The good news: the researchers did collect better resolved data using this technique. The bad news: this better resolved data indicates that the Western Antarctic ice shelf is melting faster than previously known. Here’s a general visual description of the results:The red and blue dots indicate regions with rates of net loss and gain, respectively, over the past 18 years (the size of the dot indicates the rate magnitude). Clearly, most regions across the Western shelf have been melting, compared to small increases in thickness for floating shelves along the Eastern side.
This, however, only tells part of the story, because it is averaged across the past 18 years. The primary advantage to this study was not only the spatial but also temporal resolution. Analyzing time series of thickness changes provides some more interesting data, as shown below for each named shelf (compare with its location on the figure above):Each gray point corresponds to a 3-month time-averaged thickness change. Looking at these thickness changes over time allows us to see trends of where the ice shelves are heading. A polynomial fit in blue also highlights any oscillations in the data.
So what do we see? The first five locations – Ross, Amundsen, Bellingshausen, Larsen, and Filchner Ronne – are all along the Western shelf and all show significant melting trends across the past 18 years. The pattern of loss for the Ross shelf is a little different, showing oscillations over the first 10 years before plummeting over the last eight or so.
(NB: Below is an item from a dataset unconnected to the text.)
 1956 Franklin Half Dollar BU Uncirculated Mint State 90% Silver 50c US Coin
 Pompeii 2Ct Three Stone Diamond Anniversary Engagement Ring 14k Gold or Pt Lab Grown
The Ross shelf is located on the southern part of the Western shelf (see graphic above), so this clearly indicates some different forcing variables affecting that region compared to the far West shelf containing the other three that all show similar behavior.
A similarly troubling but different pattern appears for the Eastern shelves. All of them actually show increases in thickness from 1994-2003, balancing out the loss from the Western shelf and leading to an overall steady thickness averaged across all of Antarctica (bottom time-series from 1994-2003). However, over the past decade or so, even Eastern shelves have begun to see slight losses, and this combined with accelerated Western shelf losses has led to a recent decrease in total Antractic sheet thickness (bottom time-series from 2003-2012). Only time will tell if these Eastern losses are part of an oscillation over long time-scales, or if a climate forcing is changing their trajectory.
Just to give some numbers to these trends, from 2003-2012, the Western shelf loss rate has increased by 70%, fro 144 – 242 cubic kilometers per year. Across all of Antarctica, little loss was seen from 1994-2003 (25 km3/year), but has been declining rapidly from 2003-2012 (310 km3/year).
The Antarctic ice shelves have appeared to enter a new pattern of behavior – a natural question now would be to wonder about the cause of this accelerated melting. The authors do not address this question, as it is a complicated one, with the obvious suspects being anthropogenic emissions, El Nino, or other Pacific and Atlantic decadal oscillations. Only more research can answer this definitively.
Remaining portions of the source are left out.